Episode 673 - By their deeds you shall know them

Feb 5, 2024

Here we're fulfilling the promise of Quackcast 671 and examining what the art can tell us about the artist! Can certain themes, an art style, choice of imagery, jokes, humour, character opinions, colour choices or anything else tell us anything about the artist?

Topics and Show Notes

This can be pretty subjective though a lot of stupid and dishonest critics pretend it isn't and tell us great long stories about how this director is “deeply misogynist” because of certain repeated themes - I once watched a youtuber focussing this criticism on Tim Burton with content that was 100% subjective motivated reasoning entirely dressed up as objective fact. It was very silly. It helps if you know a bit more about the artist, their opinions and life when using the art to examine them so you don't go too far off the rails like that youtuber. It still doesn't give you a reliable result but it's better and if you do it well it can at least be entertaining and make sense.

In our Patreon vid we tackle our old fave Star Wars and see what that can tell us about George Lucas. A very cool way to begin! And I think we managed to come up with some interesting insights. For the Quackcast first we jokingly examine each other's work in a critical way… then we move on to our absent Quackcast Alumnus Pitface and examine her using her first main comic on DD, Putrid Meat. This was a fascinating examination!

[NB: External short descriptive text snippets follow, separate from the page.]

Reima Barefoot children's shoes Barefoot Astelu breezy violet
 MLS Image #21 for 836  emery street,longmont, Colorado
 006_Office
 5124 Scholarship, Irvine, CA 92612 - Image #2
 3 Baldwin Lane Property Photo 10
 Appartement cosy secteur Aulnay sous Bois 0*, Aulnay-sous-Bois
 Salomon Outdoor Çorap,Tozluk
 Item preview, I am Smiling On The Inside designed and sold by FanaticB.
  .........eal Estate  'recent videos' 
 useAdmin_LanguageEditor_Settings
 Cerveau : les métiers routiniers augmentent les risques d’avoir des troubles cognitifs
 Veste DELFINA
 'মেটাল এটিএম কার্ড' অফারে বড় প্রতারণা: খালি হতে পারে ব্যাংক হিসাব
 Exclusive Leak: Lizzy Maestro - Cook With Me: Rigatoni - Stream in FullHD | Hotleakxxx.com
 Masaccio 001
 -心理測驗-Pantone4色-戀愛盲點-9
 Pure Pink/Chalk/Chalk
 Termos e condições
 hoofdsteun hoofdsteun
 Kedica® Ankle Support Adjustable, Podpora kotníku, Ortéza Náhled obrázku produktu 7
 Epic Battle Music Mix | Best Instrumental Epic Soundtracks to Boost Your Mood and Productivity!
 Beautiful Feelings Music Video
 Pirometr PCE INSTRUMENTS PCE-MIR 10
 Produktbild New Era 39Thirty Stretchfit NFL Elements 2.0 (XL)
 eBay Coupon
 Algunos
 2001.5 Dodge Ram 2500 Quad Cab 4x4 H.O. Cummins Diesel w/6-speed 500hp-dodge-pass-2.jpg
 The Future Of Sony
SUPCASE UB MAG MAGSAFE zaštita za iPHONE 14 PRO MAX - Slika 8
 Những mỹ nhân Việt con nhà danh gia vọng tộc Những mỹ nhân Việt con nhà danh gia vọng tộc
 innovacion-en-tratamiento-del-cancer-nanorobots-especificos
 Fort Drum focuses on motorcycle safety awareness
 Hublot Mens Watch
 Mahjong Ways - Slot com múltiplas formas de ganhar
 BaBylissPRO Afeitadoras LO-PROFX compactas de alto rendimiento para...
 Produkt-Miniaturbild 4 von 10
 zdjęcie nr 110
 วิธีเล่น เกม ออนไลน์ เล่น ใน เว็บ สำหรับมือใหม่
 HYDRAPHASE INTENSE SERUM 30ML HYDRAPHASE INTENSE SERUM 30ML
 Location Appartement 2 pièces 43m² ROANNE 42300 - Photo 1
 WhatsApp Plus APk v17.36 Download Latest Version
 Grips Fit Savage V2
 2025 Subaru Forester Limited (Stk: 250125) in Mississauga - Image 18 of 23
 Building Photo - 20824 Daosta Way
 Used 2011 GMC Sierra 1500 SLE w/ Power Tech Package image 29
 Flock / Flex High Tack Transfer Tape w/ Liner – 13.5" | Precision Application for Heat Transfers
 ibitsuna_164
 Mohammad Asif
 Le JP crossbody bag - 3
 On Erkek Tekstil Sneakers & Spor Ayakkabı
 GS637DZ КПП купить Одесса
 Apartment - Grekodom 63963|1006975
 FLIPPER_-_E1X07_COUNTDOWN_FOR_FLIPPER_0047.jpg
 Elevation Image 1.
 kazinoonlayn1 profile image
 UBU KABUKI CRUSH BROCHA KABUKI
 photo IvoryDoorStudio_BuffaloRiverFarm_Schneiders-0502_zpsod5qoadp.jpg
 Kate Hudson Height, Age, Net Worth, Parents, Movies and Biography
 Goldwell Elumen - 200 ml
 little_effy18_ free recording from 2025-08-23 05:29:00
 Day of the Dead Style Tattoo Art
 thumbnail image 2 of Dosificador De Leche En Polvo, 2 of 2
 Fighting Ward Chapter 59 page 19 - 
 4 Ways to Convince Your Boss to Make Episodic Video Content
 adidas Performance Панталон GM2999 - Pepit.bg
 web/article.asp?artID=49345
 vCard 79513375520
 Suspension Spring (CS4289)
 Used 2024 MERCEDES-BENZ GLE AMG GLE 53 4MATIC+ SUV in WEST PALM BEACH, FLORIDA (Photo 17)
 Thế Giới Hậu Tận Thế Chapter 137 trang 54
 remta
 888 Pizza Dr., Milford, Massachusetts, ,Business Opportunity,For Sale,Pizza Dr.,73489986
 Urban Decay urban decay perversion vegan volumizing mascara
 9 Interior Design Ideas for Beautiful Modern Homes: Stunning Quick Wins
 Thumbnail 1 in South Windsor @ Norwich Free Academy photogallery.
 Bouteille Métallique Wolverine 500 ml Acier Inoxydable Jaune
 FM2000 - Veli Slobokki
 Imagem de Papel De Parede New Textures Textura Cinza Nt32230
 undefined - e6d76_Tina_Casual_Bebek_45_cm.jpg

If you're still unsure about this sort of thing, take the example of pulp writer Robert E Howard.
What does his work tell us about him? We mainly know him as the writer of Conan, muscle bound barbarian and poster child for the old Sword and Sorcery genre. But he was also the creator of many similar stories about other characters from different times and places, some funny and some serious but almost all male, big, strong, clever, crafty, physically fit, and intuitive. Knowing what we do of Howard, a young man from a small Texas town who was incredibly well read but also large and muscular it's easy to say his characters usually represented an idealised version of himself. They shared his small town distrust of the big city types (representatives of decadent civilisation in his stories), as well as his own pretensions to “racial superiority” which was very much off the time and area (Texas in the 1920s and 1930s), but more tailored to himself and NOT the silly Nazi “Aryan” version. His characters initially reflect his own thoughtless misogyny and sexual inexperience, almost verging on homosexuality, but that rapidly changes in his later writing, even notions of racial superiority melting away as his own experience of the world broadened and a relationship with a woman in his life changed his ideas about femininity. This culminates in his last story “Red Nails” which features an evolution and almost a reversal of a lot of his earlier themes, with a female protagonist hero while Conan is relegated to a side character.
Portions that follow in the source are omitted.